Over 400 elected officials must vacate their posts for failing to file their expenditures in the 2013 national elections, Commission on Elections Chairman Sixto Billantes Jr. said yesterday.
The list includes 12 city and town councilors from Cebu, including Danao City and ex-officio Provincial Board Member Ivy Durano Meca.
At least 20 congressmen, four governors, and 26 mayors were identified in the Comelec en banc ruling as among those who failed to submit reports on their donors and expenditures within deadline and according to the prescribed forms.
In a press briefing, Brillantes said the officials, which included 169 from the Liberal Party (LP) and 44 from the National Union Party (NUP) which is allied with the LP should stay out from office until they have submitted their Statement of Election Contributions and Expenditure (SOCE).
Among the officials who failed to comply with the filing rules of the statement on campaign expenditures were 20 lawmakers, including former president and now Pampanga Representative Gloria Macapagal-Arroyo and Rep. Rodolfo Biazon, and local officials such as Governors Vilma Santos of Batangas and E.R. Ejercito of Laguna.
Republic Act No. 7166 or the Synchronized Elections Law requires all candidates and political parties to file with Comelec full, true and itemized SOCEs within 30 days after election day. The law also states that winning candidates will not be allowed to assume office until they have submitted their SOCEs.
In letters sent Wednesday, Comelec Commissioner Christian Robert S. Lim asked Speaker Feliciano Belmonte Jr. and Interior Secretary Manuel Roxas II to order the 20 representatives and 404 local officials to vacate their respective posts until they have fully complied with the law on filing of SOCEs.
Lim, chairperson of the Comelec Campaign Finance Unit (CFU) Ad Hoc Steering Committee, also furnished Belmonte and Roxas separate lists of the 424 officials under their administrative supervision and the CFU’s findings on the deficiencies in their SOCE submissions.
So far, the CFU has only reviewed the SOCEs and has yet to assess the veracity of information placed in the documents.
Brillantes said the Comelec signed a Memorandum of Agreement with the Department of Interior and Local Government (DILG) on March 2012 requiring all local candidates to furnish DILG a copy of certification that they have duly submitted their SOCEs.
Without the SOCE, he said, local officials were not supposed to take their oaths of office.
The five-page MOA states that “before administering an oath of office to any winning candidate or allowing a winning candidate assumption into office, the DILG or any of its attached agencies shall require him or her to present a Certification from the Comelec that he or she have satisfactorily complied with his or her obligation under Section 14 of Republic Act No. 7166 by filing his or her Statement of Contributions and Expenditures with the Comelec.
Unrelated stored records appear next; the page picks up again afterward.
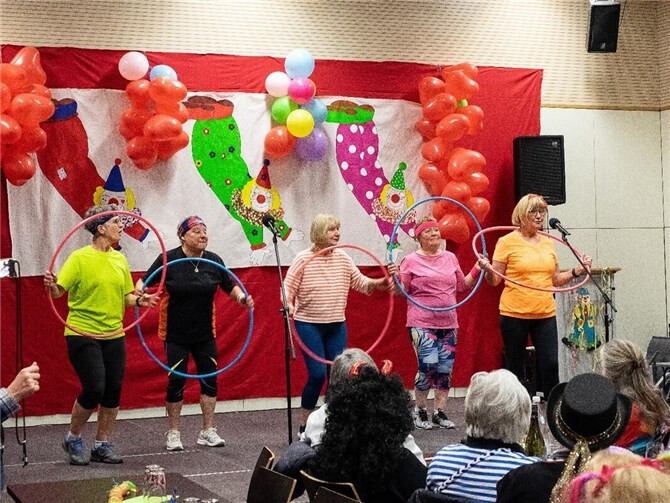 Mit Musik und Tanz: St.-Beatus begeistert Narrenherzen.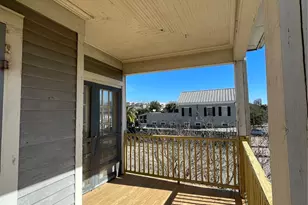 1402 Winnie St, Galveston, TX 77550 - Photo 23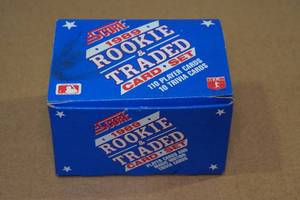lot 19 image: 1989 Score Rookie & Traded Baseball Card Set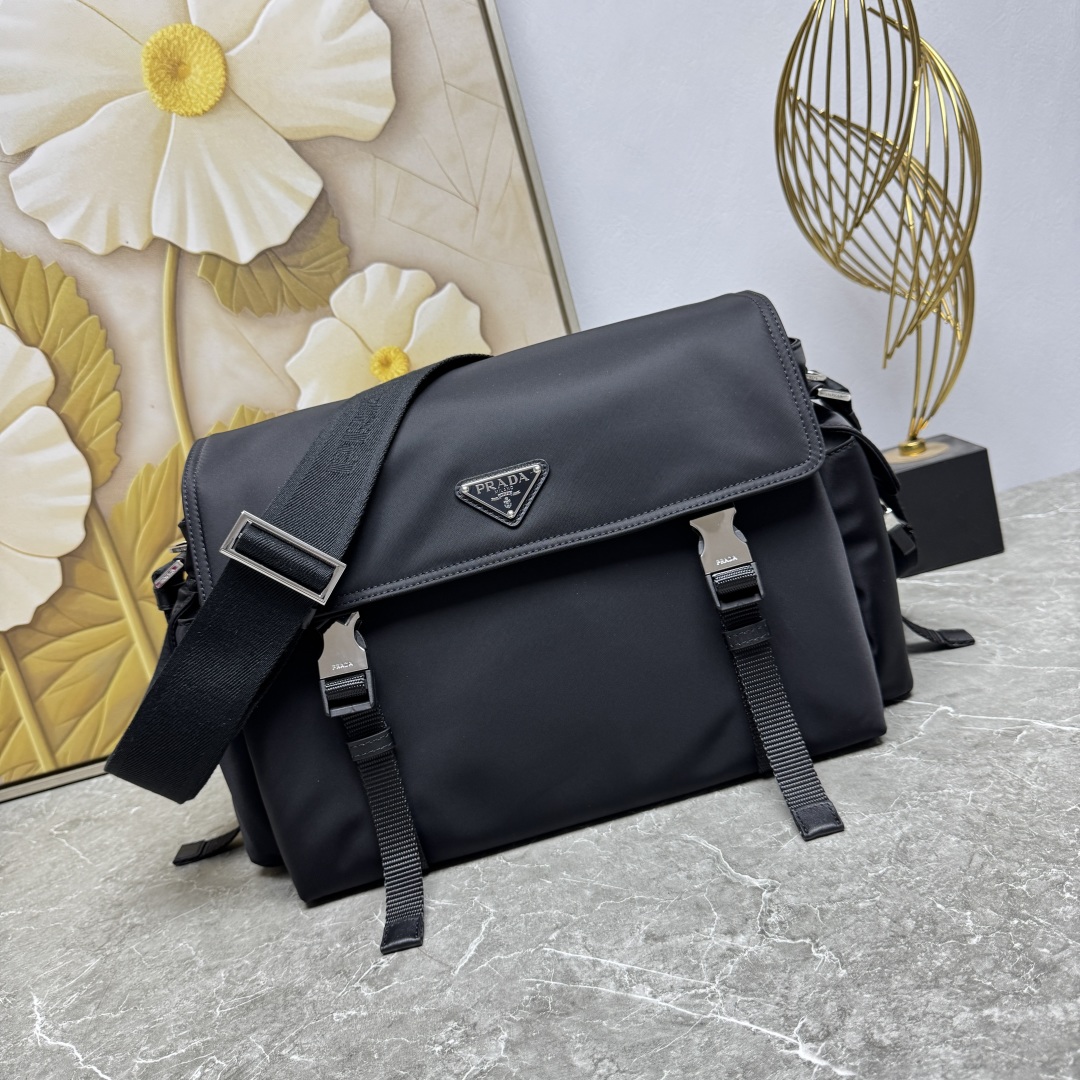 PRADA 프라다 라지 메신저백 크로스백 가방 2VD082
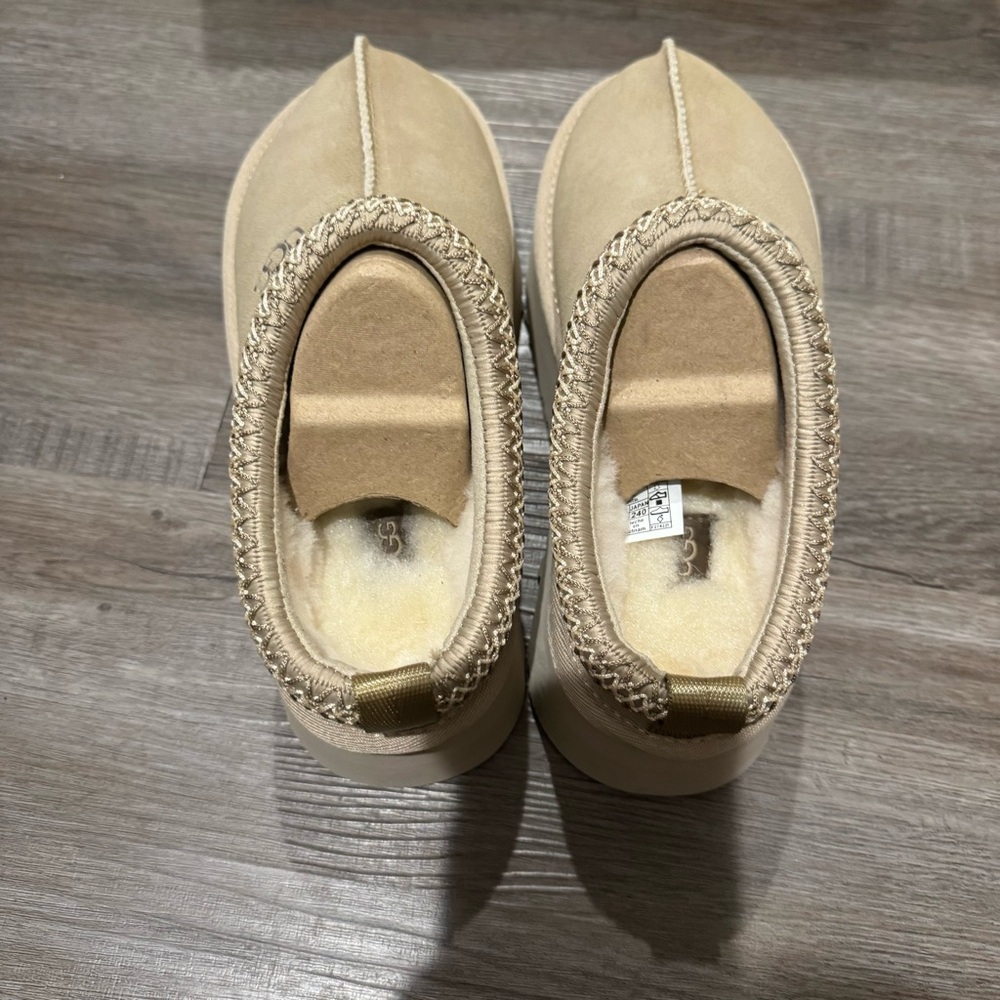 UGG Tazman Platform Slip On Mule Slippers in Mustard Seed - Picture 5 of 14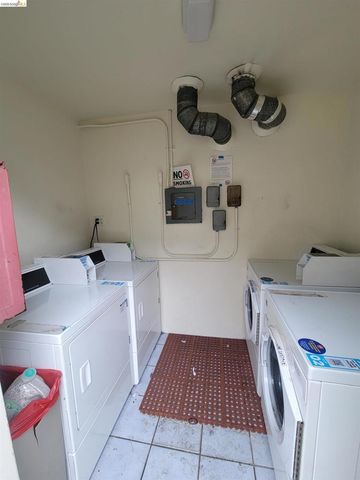 3905 Clayton Rd 12, Concord, CA 94521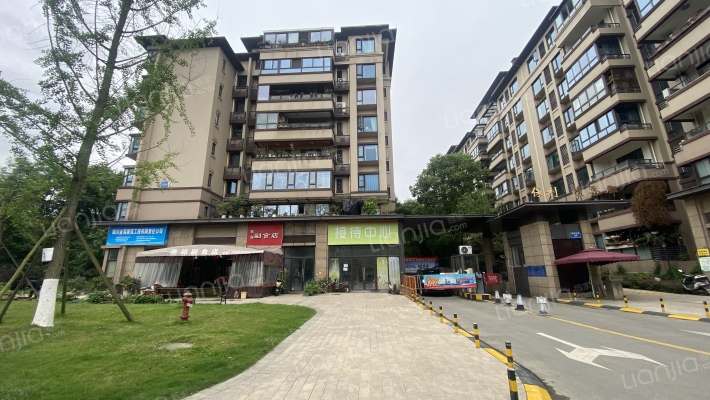 保利狮子湖檀香郡外景图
Absent this Certification, the winning candidate cannot enter into the execution of his or her office pursuant to Paragraph 2 of the same provision of law.”
According to a Comelec CFU lawyer, some winning candidates had actually requested a certification from Comelec field offices, but the CFU is not aware if DILG has enforced the MOA and refused the assumption of a winning candidate without the certification.